Now, I have to be honest. That baking powder really did the trick, and, as an extra bonus, the ashes cleaned up real good, giving that stove the shiniest, cleanest surface I had seen in a long time. Afterward, Grandma filled the charred cookie massed pan with water and another box of baking soda. The next day, the glistening pan was back in the orderly cupboard, as good as new. I became more perceptive whenever she had a yellow box of baking soda in tow. Kool-aid kitchen counter stains, laundry stains, the standard refrigerator deodorizer when Grandpa brought home his netted fish, even freshening up the vacuum cleaner bag! And her idea of filling a pair of my socks’ toes with the dry powder and stuffing them into my gym shoes overnight was an improvement that the whole family appreciated.
Her crowning achievement was the summer vacation I contracted a serious case of poison ivy while weeding out in back of Grandpa’s tool shed.
“Not the yellow box, AGAIN,” I complained, itchy and miserable, “Hey, that actually feels a little better, Grams! Can you put it—ah, right there! Oooh! Wonderful!”

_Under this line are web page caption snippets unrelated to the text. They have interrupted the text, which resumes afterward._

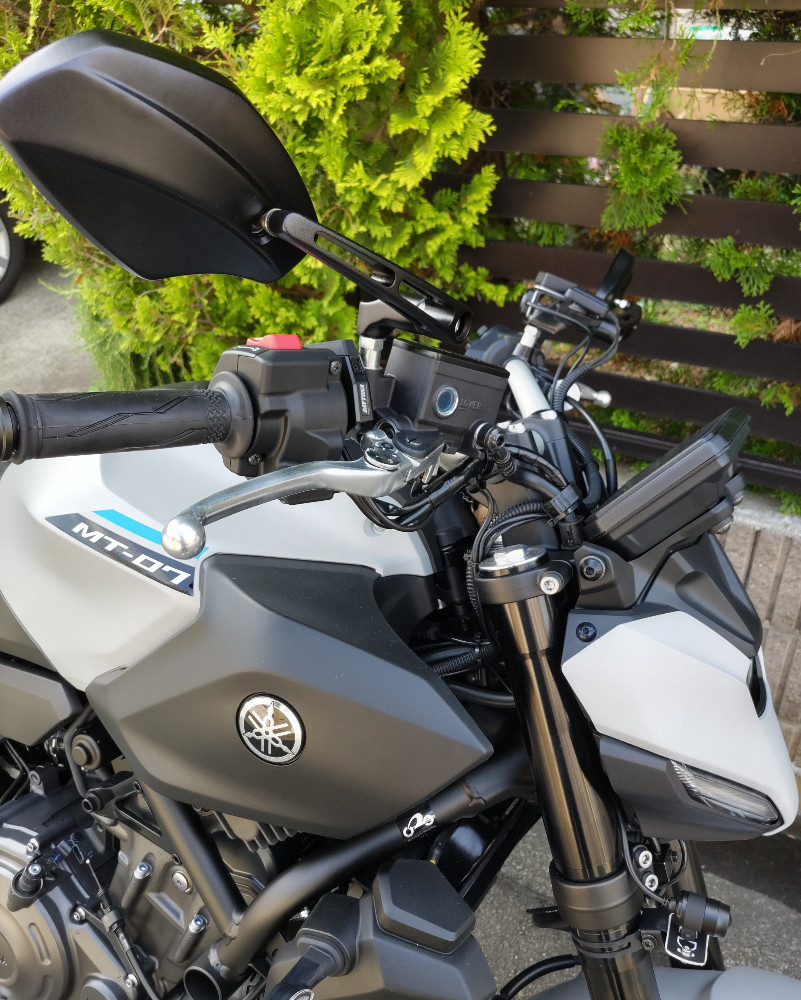 YAMAHA MT-07 DAYTONA:デイトナ パラレルミラー ヘキサゴンを使った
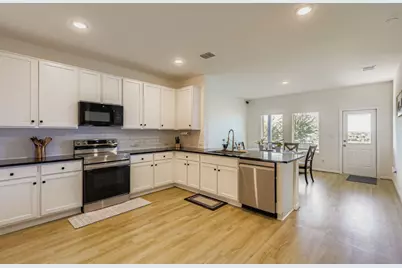 157 Lt Rusty Drive, Jarrell, TX 76537 - Photo 7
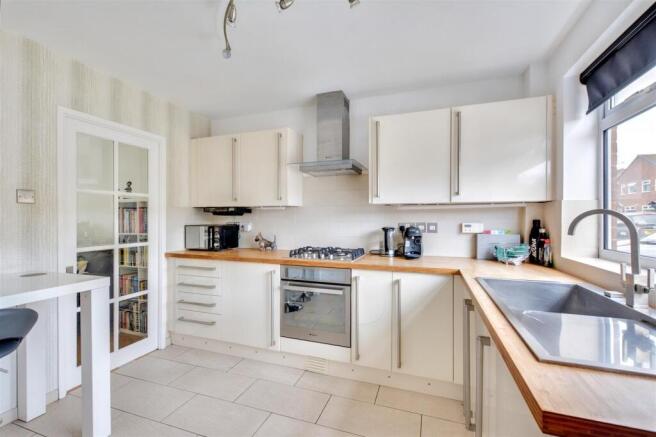 Kitchen_1.jpeg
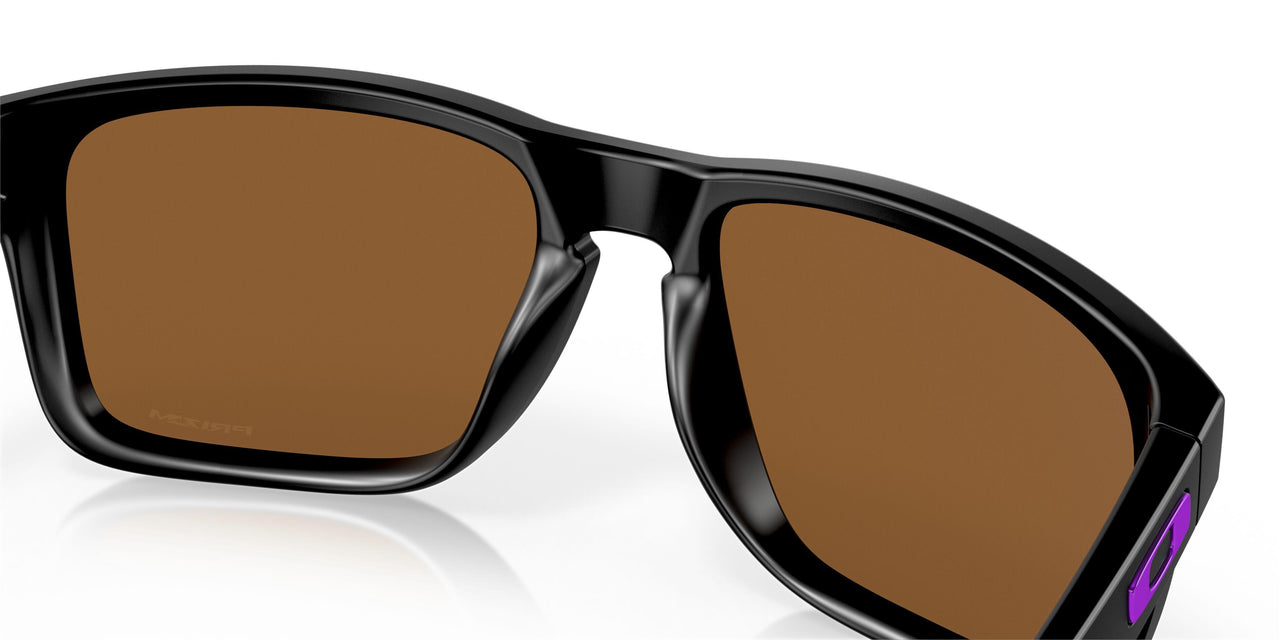 941720 - Black - Prizm Violet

I developed a deep respect for the little yellow boxes of baking soda. As the years progressed, I found that: putting baking soda paste on my son’s splintery foot overnight made the extraction painless . . . Blocked sink drains, liberally packed with baking soda followed by a couple quarts of boiling water eliminate a plumber’s visit . . . It’s great for a foot scrub and a bathtub soak for rashes and is a refreshing face scrub emollient.
Grandma’s gone to her eternal reward now, and it’s my turn for little yellow boxes of baking soda under the kitchen sink, in the bathrooms, in the laundry room and, of course, in the kitchen cupboard for baking—a side benefit.
My son was preparing for a “hot date” last year when he discovered we were out of mouthwash AND breath mints.
“Mom, not the baking soda AGAIN!”
His date that night resulted in a precious new daughter-in-law several months later.
“His first kiss was so refreshing and sweet, I could have eaten him up!”
Baking Soda Kisses. Hmmm. Sounds like a good novel.